Highlights
- Strategic Sale: L&G sells US insurance business to Japan’s Meiji Yasuda for $2.3bn (£1.8bn).
- Capital Return & Growth: £1bn to be returned to shareholders; funds to support L&G’s core businesses.
- Long-Term Partnership: Meiji Yasuda to acquire 5% stake in L&G, expanding asset management collaboration.
Legal & General Group Plc (LSE:LGEN) has announced the sale of its US insurance entity, including its US protection and US Pension Risk Transfer (US PRT) businesses, to Meiji Yasuda Life Insurance Company for $2.3 billion (£1.8 billion). The transaction is expected to close by the end of 2025, pending regulatory approvals and standard closing conditions.
Under the agreement, Meiji Yasuda will acquire L&G’s US protection business outright and take a 20% economic stake in its US PRT business, while L&G will retain the remaining 80% through a reinsurance arrangement. The equity value of $2.3 billion reflects a strong valuation multiple based on estimated 2024 post-tax earnings.
Strengthening Strategic Partnerships
Alongside the sale, L&G and Meiji Yasuda have established a long-term strategic partnership aimed at accelerating growth in the US PRT and asset management sectors.
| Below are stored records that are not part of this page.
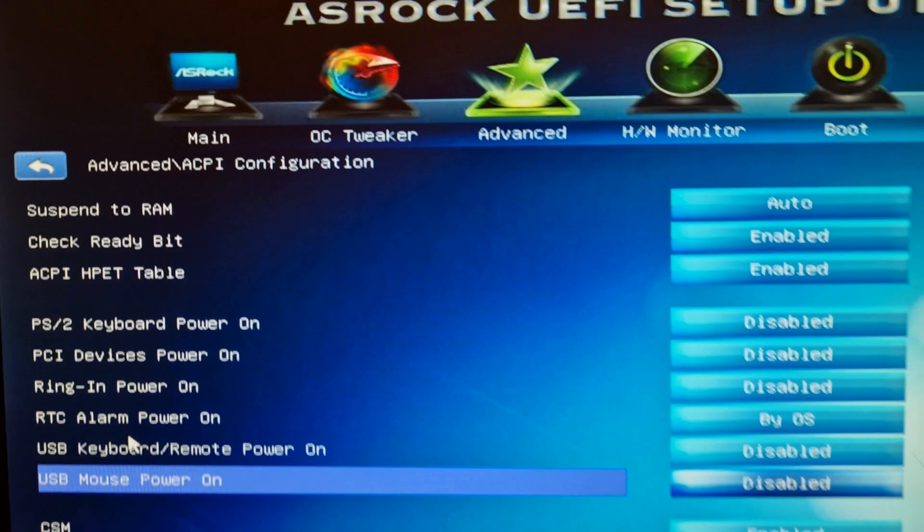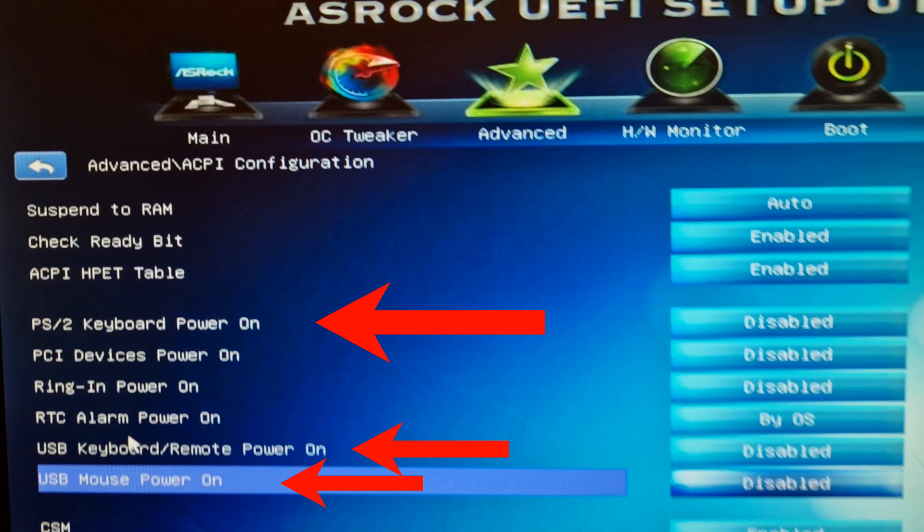Here is what we are looking for. I have the ability to enable power on by using a PS2 keyboard, USB keyboard, or remote and USB mouse. Keep in mind that not all motherboards have these features. Usually you'll find only PS2 power up available. So if your motherboard has a USB power up feature, you're in luck.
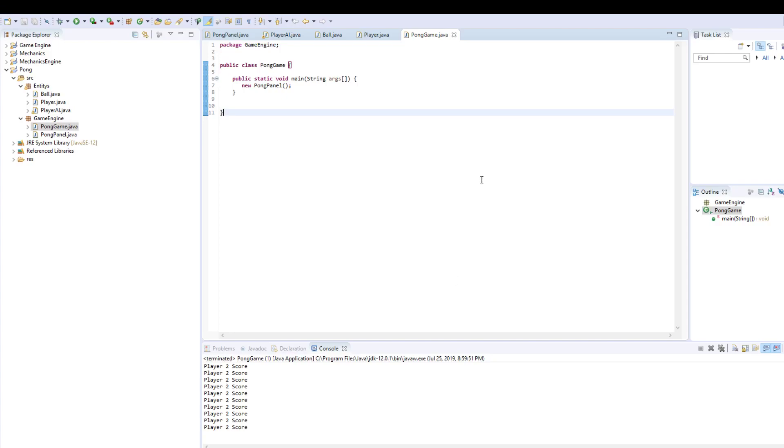Hello everyone, welcome to my Pong game I created in Java using Lightweight Java Game Library. So basically, it's extremely simple.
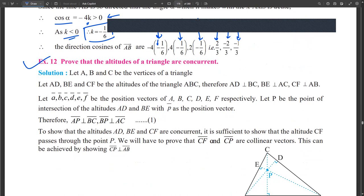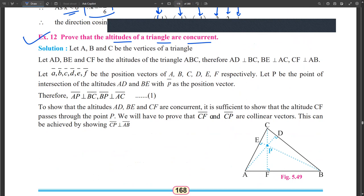The next question is a proof: altitudes of a triangle are concurrent. We draw triangle ABC with altitudes AD, BE, and CF making 90° with the respective sides, so AD ⊥ BC, BE ⊥ AC, and CF ⊥ AB. We assume position vectors A⃗, B⃗, C⃗ for the vertices.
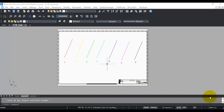Hello, this is Rakesh Rao from DesignSense Software Technologies, the BricsCAD sales and support point for India. In this BricsCAD video, I am going to show you how you can use the CTB files for plotting in BricsCAD.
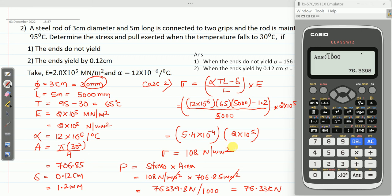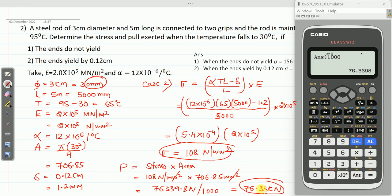So for Case 2, when the ends yielded by 0.12 centimeters: stress sigma is 108 N/mm² and the load is 76.33 kilonewtons.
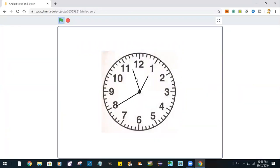As you can see, if you look closely, the minute hand is slowly moving. This is the end of this tutorial.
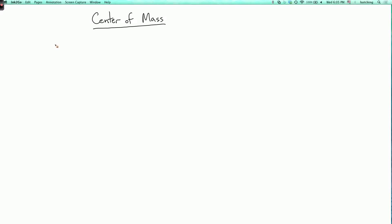So this stuff about changing order of integration in the last couple of lecture segments was a bit tough. So let's take a break and do something which is fun and a little easier.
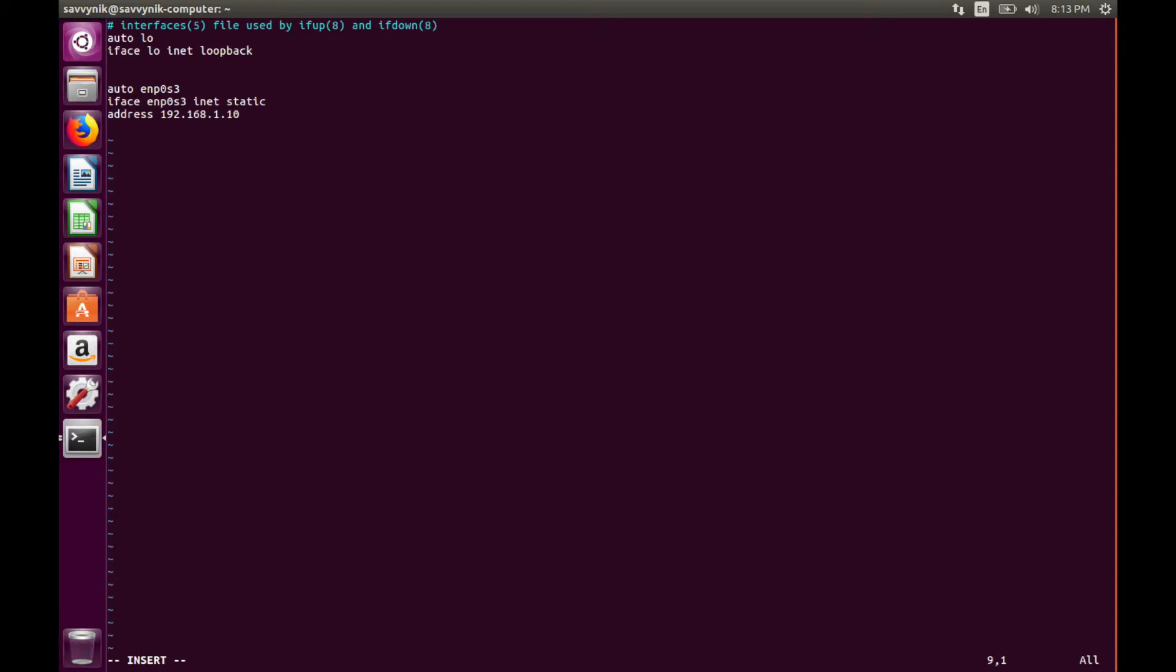Then my gateway is going to be whatever router or gateway I have on my network, if I have one. Let's just type in 192.168.1.1. That's usually the default.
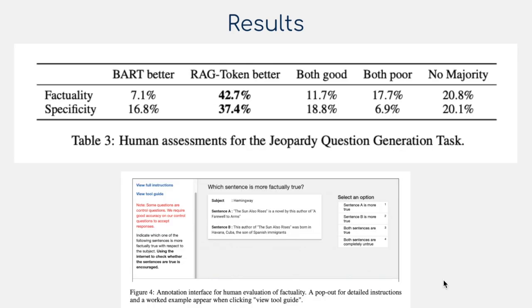The authors also test RAG on generating Jeopardy questions given a subject answer — for example, given 'Hemingway', generate the corresponding Jeopardy-style question. Human assessments compare RAG (where fetched documents about Hemingway are prepended to the input) against plain BART, evaluating whether RAG is better than BART, BART is better than RAG, both are good, both are bad, or indeterminate. They assess this along how factual the generated questions are — a huge concern in knowledge-intensive tasks where you don't want NLP models producing text that isn't factually correct.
As part of this collaboration:
- Meiji Yasuda will acquire approximately 5% of L&G’s shareholding, reinforcing corporate ties and aligning interests.
- The two firms will work together to expand L&G’s presence in the US PRT market.
- Meiji Yasuda will continue outsourcing investment management of US PRT and protection assets to L&G, and both companies will co-invest in global private assets over the coming years.
Use of Proceeds & Shareholder Returns
L&G expects to receive around $2.3 billion (£1.8 billion) in proceeds at completion, with approximately £400 million allocated to fund the US PRT reinsurance arrangement. The company intends to return £1 billion to shareholders via dividends and share buybacks, representing over 40% of its market cap between 2025-2027. The remaining funds will be reinvested in line with L&G’s strategic growth initiatives.
Following completion, the transaction will boost L&G’s Solvency II ratio by approximately 22%, with a net increase of around 7% after the proposed buyback.
Strategic Rationale & Growth Ambitions
The sale aligns with L&G’s broader strategic direction, first outlined at the Capital Markets Event (CME) in June 2024. Since then, the company has advanced its transformation, including senior leadership changes, the sale of Cala, and a strategic investment in Taurus Investment Holdings.
This transaction further solidifies L&G’s focus on its three core business areas—Asset Management, Institutional Retirement, and UK Retail—while enabling international expansion.
L&G reaffirmed its 2024 financial guidance, projecting mid-single-digit growth in core operating profit and maintaining its targets for the next three years:
- 6-9% compound annual growth rate (CAGR) in core operating earnings per share (EPS) from 2024-2027.
- Over 20% operating return on equity for 2025-2027.
- £5-6 billion cumulative Solvency II capital generation over 2025-2027.
L&G will include the anticipated £1.2 billion capital gain from the transaction in its Solvency II capital generation targets. An updated outlook for the UK Retail division, reflecting the sale of the US protection business, will be provided in H2 2025 during an investor event.